In mid-January, the FBI was alerted to a Facebook post under the name Jody Echevarria-Tagaris, that featured a photo of the defendant which indicated she had entered the US Capitol during the pro-Trump attack earlier that month, according to court documents.
The photo showed a woman dressed in distinct clothing, including an American Flag scarf, a unique US Olympics American flag jacket, and a red “Make America Great Again” hat, posing in the frame of a broken window next to the Senate Wing Door at the Capitol with the caption, “The Capital … back at hotel safe! Got tear gassed but okay!”
According to investigators, the FBI then identified a coworker of Tagaris, who confirmed the Facebook account belonged to Tagaris and identified her in the photo. A different anonymous tipster alerted authorities to Tagaris’ photo and provided another Facebook photo of Tagaris in the same American flag jacket that showed her face uncovered, according to investigators.
The FBI obtained a warrant to search the Facebook account, where they found an unmasked photo of Tagaris posted on January 6 in the same attire, court documents said. Investigators also found statements Tagaris made on Facebook about her travels to Washington, DC, on January 5 in order to attend former President Donald Trump’s rally.
Surveillance video from the Capitol on January 6 and Washington Metropolitan Police Officers’ body camera footage also captured Tagaris in and around the Capitol throughout January 6, according to investigators.
During the investigation, the FBI used Tagaris’ listed phone number on Facebook to confirm the number belonged to her and then to obtain a search warrant showing Tagaris’ cell phone location data placed her at multiple locations around the US Capitol on January 6.
Tagaris had a video hearing in West Palm Beach on Tuesday where she was released after posting a $50,000 bond, according to The Palm Beach Post. She will next enter a plea in federal court at an unspecified date.
Tagaris’ defense attorney did not immediately respond to Insider’s request for comment.
During the early 2000s, Tagaris played a prominent role in Palm Beach County’s Republican community, according to The Palm Beach Post. Then Jody Warmack, she served as a member of the executive committee of the county’s Republican Party, associating with top lawmakers like the late US Rep. E. Clay Shaw.
In 2002, she lost a primary race for county commissioner in a landslide to Mary McCarty.
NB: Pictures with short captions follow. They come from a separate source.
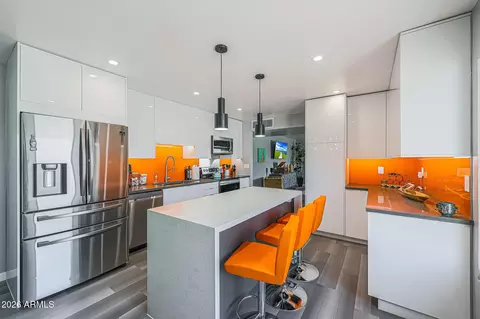 Kitchen - 2201 E Marilyn Rd, Phoenix, AZ 85022 photo 3 of 8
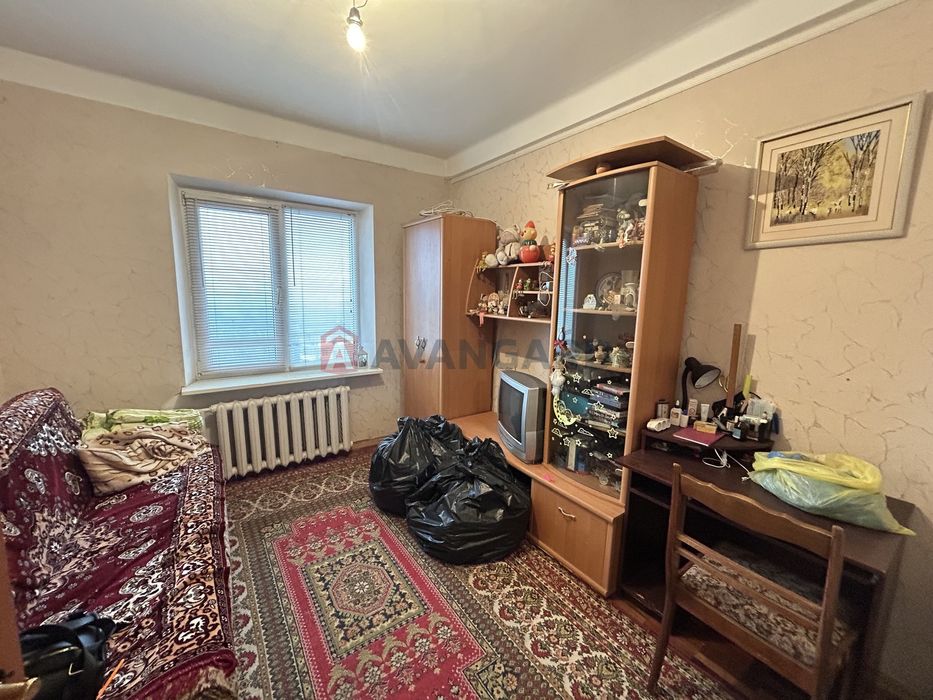 Трикімнатна квартира на Космосі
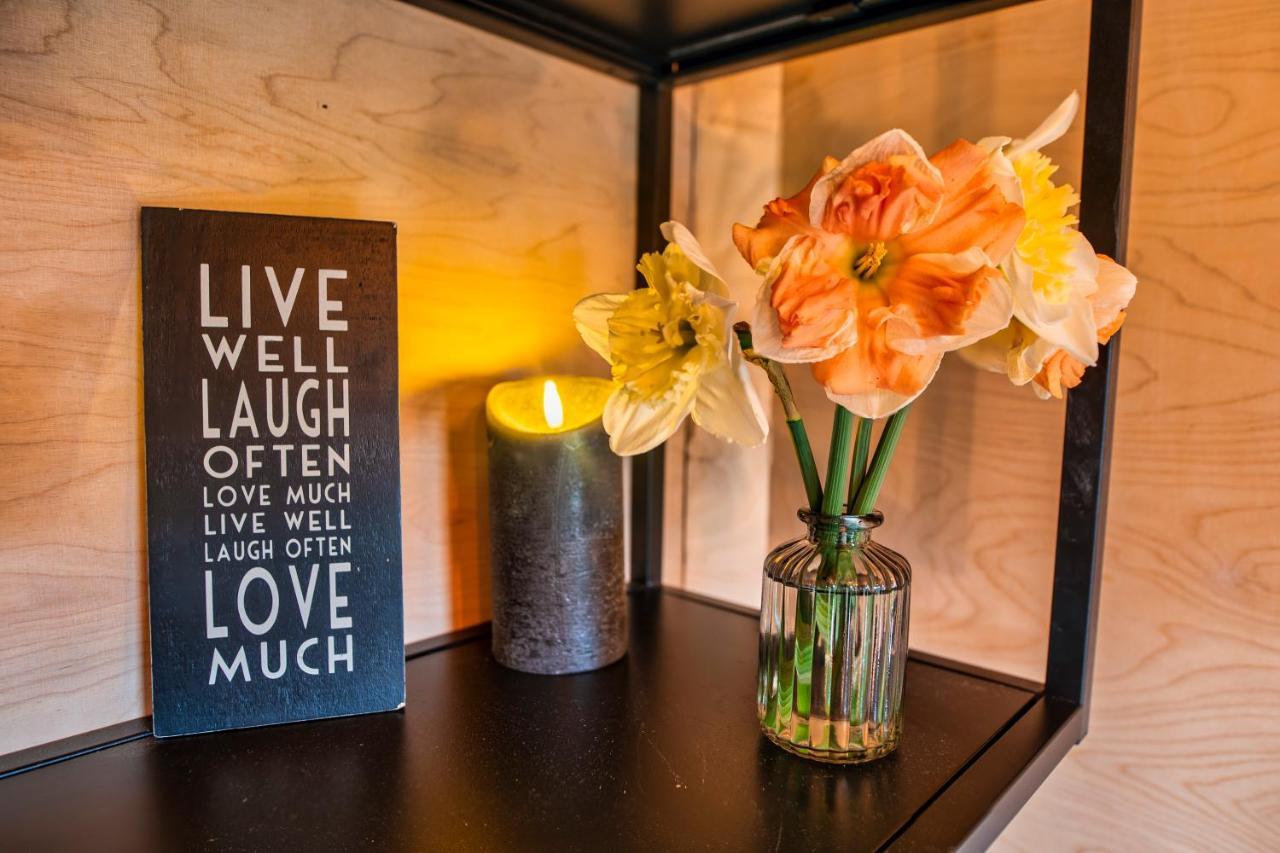 Luxury Glamping Cabin With Outdoor Bath On Cornish Flower Farm Truro Eksteriør bilde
In later years, she became involved in a hostile fight with her wealthy ex-husband’s children, according to The Palm Beach Post, who accused her of kidnapping their sick father, Nicholas Tagaris, and remarrying him as a way to access his money.
She eventually agreed to divorce him a second time and return millions in assets in exchange for $100,000, a $460,000 house, and a Porsche, The Palm Beach Post reported.